Más irónico es que los ciudadanos iraquíes podrían estar peor de haber caído Saddam el pasado invierno. Por supuesto, Irak se encuentra en una forma miserable hoy en día, sufriendo privaciones económicas y una represión asfixiante. Aún así, la guerra civil que tuvo lugar en primavera, cuando kurdos y árabes se masacraron entre sí en el norte de Irak mientras chi'íes y sunníes luchaban en el sur, fue un ejemplo de lo que podría ser. La ausencia de un poder central habría provocado que muchos más iraquíes murieran de guerra, enfermedades y hambre.

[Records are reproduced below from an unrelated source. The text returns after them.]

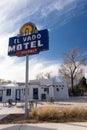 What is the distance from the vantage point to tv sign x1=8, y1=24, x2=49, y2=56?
39.8 ft

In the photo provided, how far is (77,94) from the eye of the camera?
54438 mm

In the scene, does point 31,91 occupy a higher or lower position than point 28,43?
lower

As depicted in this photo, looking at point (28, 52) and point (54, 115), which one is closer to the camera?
point (54, 115)

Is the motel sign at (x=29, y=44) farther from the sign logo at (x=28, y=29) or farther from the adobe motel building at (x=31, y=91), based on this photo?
the adobe motel building at (x=31, y=91)

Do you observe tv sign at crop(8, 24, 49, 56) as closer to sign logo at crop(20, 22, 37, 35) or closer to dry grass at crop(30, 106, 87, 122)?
sign logo at crop(20, 22, 37, 35)

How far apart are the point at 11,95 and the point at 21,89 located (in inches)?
79.5

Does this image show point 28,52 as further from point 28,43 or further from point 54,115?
point 54,115

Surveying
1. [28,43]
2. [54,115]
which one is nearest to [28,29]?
[28,43]

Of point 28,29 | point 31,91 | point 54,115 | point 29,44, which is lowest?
point 54,115

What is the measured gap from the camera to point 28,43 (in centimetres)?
1246

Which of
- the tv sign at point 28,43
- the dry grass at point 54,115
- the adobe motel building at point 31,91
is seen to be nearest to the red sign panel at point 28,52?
the tv sign at point 28,43

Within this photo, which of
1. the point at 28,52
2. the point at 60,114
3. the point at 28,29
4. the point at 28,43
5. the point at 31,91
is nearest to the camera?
the point at 60,114

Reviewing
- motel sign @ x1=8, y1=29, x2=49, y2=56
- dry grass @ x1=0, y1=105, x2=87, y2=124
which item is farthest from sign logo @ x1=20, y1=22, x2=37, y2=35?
dry grass @ x1=0, y1=105, x2=87, y2=124

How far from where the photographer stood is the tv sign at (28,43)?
39.8ft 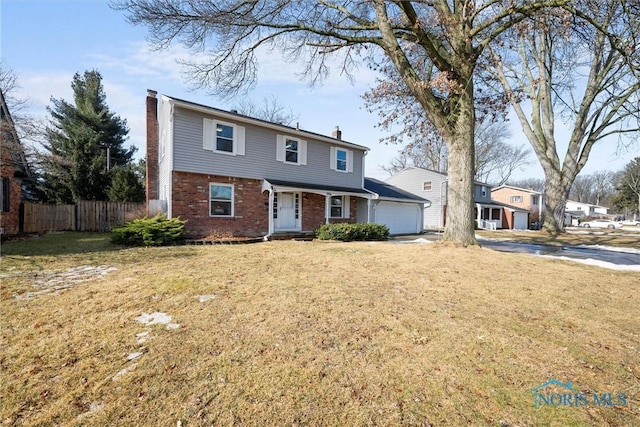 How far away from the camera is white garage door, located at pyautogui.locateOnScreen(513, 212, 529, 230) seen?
114ft

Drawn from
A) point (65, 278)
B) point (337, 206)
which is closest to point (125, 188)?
point (337, 206)

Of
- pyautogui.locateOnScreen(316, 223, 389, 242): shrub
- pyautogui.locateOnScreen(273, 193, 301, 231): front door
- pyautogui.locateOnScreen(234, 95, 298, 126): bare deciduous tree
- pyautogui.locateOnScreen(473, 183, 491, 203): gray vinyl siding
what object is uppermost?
pyautogui.locateOnScreen(234, 95, 298, 126): bare deciduous tree

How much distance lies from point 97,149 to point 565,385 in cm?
2726

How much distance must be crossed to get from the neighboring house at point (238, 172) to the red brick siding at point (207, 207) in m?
0.04

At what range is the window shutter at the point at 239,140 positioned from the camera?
1333cm

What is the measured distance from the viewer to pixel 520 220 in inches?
1404

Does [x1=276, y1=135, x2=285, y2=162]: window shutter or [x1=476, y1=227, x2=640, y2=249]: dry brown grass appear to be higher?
[x1=276, y1=135, x2=285, y2=162]: window shutter

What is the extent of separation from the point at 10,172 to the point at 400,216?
20.3 m

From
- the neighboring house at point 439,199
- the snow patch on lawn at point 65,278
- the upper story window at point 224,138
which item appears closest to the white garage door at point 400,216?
the neighboring house at point 439,199

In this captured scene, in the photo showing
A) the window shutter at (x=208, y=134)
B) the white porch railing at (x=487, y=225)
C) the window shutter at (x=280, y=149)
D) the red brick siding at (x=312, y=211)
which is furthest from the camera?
the white porch railing at (x=487, y=225)

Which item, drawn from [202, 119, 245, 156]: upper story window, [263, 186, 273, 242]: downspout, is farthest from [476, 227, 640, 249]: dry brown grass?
[202, 119, 245, 156]: upper story window

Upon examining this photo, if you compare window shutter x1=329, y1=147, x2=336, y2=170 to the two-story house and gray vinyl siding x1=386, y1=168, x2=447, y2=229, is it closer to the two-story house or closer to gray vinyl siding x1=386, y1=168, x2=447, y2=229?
gray vinyl siding x1=386, y1=168, x2=447, y2=229

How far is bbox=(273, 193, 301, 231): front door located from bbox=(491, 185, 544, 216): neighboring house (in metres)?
33.6

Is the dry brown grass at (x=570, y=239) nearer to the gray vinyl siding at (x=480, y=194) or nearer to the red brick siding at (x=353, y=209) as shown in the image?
the red brick siding at (x=353, y=209) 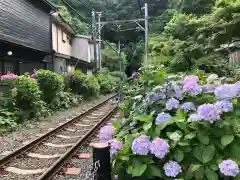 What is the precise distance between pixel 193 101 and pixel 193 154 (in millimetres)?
540

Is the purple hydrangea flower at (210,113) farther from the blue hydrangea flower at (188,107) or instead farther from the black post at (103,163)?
the black post at (103,163)

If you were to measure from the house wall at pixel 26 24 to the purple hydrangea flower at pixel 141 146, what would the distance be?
42.1 feet

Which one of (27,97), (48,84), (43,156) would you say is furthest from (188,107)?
(48,84)

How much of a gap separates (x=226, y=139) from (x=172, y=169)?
47 centimetres

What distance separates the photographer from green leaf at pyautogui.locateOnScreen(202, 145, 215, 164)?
234 centimetres

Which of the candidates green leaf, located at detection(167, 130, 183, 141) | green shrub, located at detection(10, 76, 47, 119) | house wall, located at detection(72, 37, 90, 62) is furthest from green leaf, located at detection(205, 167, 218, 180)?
house wall, located at detection(72, 37, 90, 62)

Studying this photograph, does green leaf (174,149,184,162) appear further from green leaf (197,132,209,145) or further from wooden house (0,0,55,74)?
wooden house (0,0,55,74)

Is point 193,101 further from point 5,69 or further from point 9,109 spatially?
point 5,69

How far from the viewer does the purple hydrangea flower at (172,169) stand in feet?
7.64

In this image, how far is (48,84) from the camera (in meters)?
14.3

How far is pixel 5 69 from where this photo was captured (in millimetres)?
15859

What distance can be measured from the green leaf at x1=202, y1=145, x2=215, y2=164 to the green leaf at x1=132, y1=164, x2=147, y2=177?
45 cm

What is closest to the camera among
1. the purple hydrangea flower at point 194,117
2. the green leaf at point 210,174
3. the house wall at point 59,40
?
the green leaf at point 210,174

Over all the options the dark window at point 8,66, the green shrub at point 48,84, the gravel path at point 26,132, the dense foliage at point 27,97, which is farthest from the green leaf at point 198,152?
the dark window at point 8,66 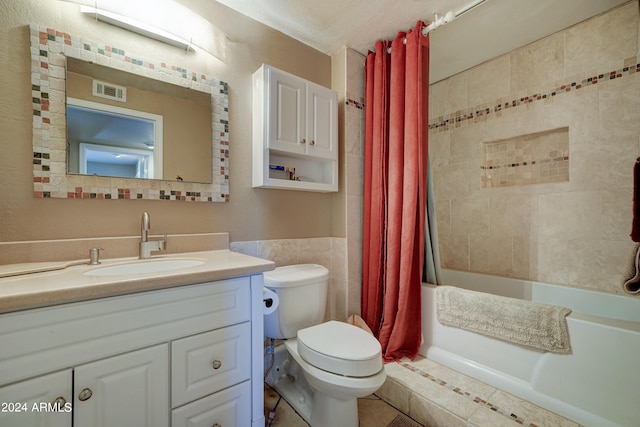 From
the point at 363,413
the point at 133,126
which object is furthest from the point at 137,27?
the point at 363,413

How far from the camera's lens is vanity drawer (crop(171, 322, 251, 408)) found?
93 centimetres

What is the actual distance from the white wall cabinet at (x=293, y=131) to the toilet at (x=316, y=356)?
61 cm

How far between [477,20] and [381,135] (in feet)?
3.14

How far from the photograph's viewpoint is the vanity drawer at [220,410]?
37.3 inches

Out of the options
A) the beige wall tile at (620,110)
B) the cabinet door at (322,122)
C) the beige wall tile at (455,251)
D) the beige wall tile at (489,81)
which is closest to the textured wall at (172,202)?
the cabinet door at (322,122)

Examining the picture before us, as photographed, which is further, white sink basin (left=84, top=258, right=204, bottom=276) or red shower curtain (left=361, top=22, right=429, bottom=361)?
red shower curtain (left=361, top=22, right=429, bottom=361)

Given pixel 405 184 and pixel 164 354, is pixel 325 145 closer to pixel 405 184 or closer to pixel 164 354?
pixel 405 184

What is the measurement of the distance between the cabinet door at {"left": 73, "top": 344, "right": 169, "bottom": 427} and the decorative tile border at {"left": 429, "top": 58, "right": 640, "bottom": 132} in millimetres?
2794

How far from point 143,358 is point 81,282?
31 centimetres

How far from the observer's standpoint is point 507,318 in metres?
1.42

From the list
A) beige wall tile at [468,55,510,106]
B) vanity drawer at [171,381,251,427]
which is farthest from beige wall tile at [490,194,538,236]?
vanity drawer at [171,381,251,427]

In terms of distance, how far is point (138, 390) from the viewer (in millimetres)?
855

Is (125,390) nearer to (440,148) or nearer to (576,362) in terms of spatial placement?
(576,362)

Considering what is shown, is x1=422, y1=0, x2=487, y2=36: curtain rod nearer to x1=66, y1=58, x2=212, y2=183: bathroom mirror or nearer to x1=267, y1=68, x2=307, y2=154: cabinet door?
x1=267, y1=68, x2=307, y2=154: cabinet door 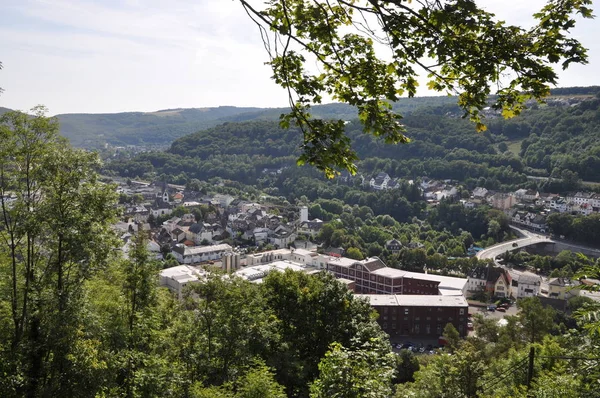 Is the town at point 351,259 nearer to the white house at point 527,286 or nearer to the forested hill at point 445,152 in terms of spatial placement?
the white house at point 527,286

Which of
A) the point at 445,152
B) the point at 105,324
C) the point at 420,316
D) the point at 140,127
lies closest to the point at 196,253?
the point at 420,316

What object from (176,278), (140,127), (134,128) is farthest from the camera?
(140,127)

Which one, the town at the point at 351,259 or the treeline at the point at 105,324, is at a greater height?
the treeline at the point at 105,324

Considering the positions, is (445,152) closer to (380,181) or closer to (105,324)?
(380,181)

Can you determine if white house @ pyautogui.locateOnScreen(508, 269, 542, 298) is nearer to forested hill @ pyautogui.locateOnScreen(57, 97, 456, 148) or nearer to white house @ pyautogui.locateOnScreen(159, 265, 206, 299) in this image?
white house @ pyautogui.locateOnScreen(159, 265, 206, 299)

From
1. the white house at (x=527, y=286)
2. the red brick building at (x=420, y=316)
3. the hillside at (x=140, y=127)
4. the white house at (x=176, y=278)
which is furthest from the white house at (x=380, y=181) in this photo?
the hillside at (x=140, y=127)

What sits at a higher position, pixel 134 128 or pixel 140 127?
pixel 140 127

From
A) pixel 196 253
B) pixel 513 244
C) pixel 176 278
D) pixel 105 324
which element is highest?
pixel 105 324

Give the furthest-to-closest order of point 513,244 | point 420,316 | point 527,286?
1. point 513,244
2. point 527,286
3. point 420,316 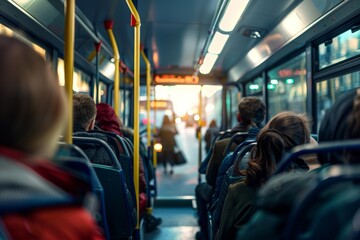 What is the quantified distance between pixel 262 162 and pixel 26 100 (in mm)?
1242

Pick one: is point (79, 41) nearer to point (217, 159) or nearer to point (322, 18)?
point (217, 159)

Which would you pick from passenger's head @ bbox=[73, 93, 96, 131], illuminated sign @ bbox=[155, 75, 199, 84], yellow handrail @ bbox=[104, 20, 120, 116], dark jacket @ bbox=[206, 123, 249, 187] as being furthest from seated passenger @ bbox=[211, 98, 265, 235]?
illuminated sign @ bbox=[155, 75, 199, 84]

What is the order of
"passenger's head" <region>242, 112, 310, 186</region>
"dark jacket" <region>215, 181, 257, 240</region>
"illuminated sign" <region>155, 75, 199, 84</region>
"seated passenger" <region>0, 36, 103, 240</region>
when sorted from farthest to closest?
"illuminated sign" <region>155, 75, 199, 84</region> < "dark jacket" <region>215, 181, 257, 240</region> < "passenger's head" <region>242, 112, 310, 186</region> < "seated passenger" <region>0, 36, 103, 240</region>

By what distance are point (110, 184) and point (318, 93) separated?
248cm

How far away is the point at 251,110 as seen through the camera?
Result: 11.0ft

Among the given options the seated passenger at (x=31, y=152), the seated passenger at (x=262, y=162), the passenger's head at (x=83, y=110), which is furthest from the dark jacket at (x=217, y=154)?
the seated passenger at (x=31, y=152)

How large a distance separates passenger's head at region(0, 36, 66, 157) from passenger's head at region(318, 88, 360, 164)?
2.58ft

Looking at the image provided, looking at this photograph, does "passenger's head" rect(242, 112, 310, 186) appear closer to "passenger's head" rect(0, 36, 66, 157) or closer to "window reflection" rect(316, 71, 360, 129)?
"passenger's head" rect(0, 36, 66, 157)

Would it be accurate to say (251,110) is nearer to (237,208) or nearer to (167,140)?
(237,208)

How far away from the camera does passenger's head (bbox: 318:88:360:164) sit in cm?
106

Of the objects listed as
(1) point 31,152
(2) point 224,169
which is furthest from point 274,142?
(1) point 31,152

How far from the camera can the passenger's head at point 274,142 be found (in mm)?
1693

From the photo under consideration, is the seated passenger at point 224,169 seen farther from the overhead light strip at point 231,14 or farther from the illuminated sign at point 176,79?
the illuminated sign at point 176,79

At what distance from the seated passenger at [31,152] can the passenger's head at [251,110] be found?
2.69 meters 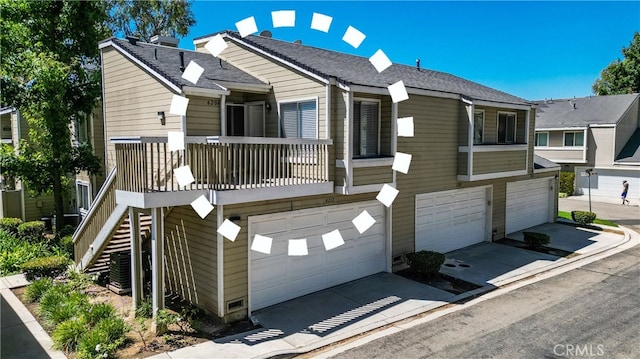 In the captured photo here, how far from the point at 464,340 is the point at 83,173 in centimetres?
1668

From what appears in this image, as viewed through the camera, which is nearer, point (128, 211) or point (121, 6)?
point (128, 211)

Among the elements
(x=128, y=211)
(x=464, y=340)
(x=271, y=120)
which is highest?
(x=271, y=120)

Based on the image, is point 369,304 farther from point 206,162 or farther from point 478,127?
point 478,127

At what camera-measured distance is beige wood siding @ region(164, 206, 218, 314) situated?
920 cm

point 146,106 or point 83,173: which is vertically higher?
point 146,106

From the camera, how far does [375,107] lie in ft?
38.2

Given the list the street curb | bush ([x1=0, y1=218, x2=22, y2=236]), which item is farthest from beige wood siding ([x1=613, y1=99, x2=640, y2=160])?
bush ([x1=0, y1=218, x2=22, y2=236])

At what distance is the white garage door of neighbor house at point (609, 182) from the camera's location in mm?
28984

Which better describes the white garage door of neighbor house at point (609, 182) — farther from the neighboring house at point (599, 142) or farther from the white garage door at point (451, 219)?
the white garage door at point (451, 219)

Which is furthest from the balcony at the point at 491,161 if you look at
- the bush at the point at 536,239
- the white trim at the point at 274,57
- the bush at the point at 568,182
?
the bush at the point at 568,182

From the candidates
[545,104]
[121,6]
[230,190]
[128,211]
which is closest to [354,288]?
[230,190]

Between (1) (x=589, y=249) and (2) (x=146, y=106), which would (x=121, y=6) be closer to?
(2) (x=146, y=106)

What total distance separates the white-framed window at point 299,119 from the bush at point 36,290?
23.3 ft

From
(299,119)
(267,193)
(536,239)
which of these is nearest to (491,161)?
(536,239)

Y mientras que muchos de los críticos de la administración conciben el derrocamiento de Saddam como un paso de gigante hacia la democracia, fue, y aún es, mucho menos probable que lleve a los demócratas al poder en lugar de otro criminal a la propia imagen y semejanza de Saddam.
Los iraquíes, sus vecinos y el mundo exterior, todos se han visto beneficiados razonablemente bien del delicado equilibrio de poderes de los últimos nueve meses que deja a Irak ni demasiado fuerte ni demasiado débil. Y aún nos beneficiamos. Pero este equilibrio es una cosa puntual; cuando desaparezca, desaparece permanentemente. Ahora, al igual que entonces, deshacerse de Saddam incrementa las perspectivas de guerra civil iraquí, el expansionismo sirio e iraní, el irredentismo kurdo y la inestabilidad turca. ¿Realmente queremos abrir estas fuentes de compleja inestabilidad?
El único modo de deshacerse de Saddam y evitar tales problemas es aceptar una presencia militar norteamericana muy intrusiva y prolongada en Irak. Y aquí volvemos al dilema del año pasado: después de que las fuerzas americanas expulsen directamente a Sadam del poder y ocupen Irak, ¿ahora qué? No hubo respuestas fáciles a ésta pregunta en 1990 y no hay ninguna hoy. Si la administración calcula los costes, llegará a la misma prudente conclusión a la que llegó a comienzos de 1991: no estimular el conflicto regional, no hacerse directamente responsable de decidir el futuro de Irak, y no arriesgarse a perder vidas americanas - muchas más probablemente de las que se perdieron en la Tormenta del Desierto - a cuenta de objetivos vagos e indefinidos.
Todos queremos que Saddam se vaya; pero a menos que los americanos estén preparados para una ocupación ilimitada de Irak, haríamos mejor dejando que los iraquíes se deshagan de él.